Web page caption snippets:
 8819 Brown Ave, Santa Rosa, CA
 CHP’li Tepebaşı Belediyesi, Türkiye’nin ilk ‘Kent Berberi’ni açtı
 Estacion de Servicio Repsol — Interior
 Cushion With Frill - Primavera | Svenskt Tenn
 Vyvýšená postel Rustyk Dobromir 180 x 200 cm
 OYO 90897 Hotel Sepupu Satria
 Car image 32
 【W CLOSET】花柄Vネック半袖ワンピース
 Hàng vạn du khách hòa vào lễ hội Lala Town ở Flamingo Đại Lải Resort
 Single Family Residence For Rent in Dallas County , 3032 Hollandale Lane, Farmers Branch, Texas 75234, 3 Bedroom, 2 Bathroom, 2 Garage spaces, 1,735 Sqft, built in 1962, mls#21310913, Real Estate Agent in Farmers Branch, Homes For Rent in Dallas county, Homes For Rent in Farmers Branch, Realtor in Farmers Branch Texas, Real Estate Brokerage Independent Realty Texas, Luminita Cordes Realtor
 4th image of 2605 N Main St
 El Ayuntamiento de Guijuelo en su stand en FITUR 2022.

Problem to work on: From the entries above, extract only the lines running from the one containing "CHP’li Tepebaşı Belediyesi, Türkiye’nin" through the one containing "Hàng vạn du", inclusive.

Answer to the problem:
 CHP’li Tepebaşı Belediyesi, Türkiye’nin ilk ‘Kent Berberi’ni açtı
 Estacion de Servicio Repsol — Interior
 Cushion With Frill - Primavera | Svenskt Tenn
 Vyvýšená postel Rustyk Dobromir 180 x 200 cm
 OYO 90897 Hotel Sepupu Satria
 Car image 32
 【W CLOSET】花柄Vネック半袖ワンピース
 Hàng vạn du khách hòa vào lễ hội Lala Town ở Flamingo Đại Lải Resort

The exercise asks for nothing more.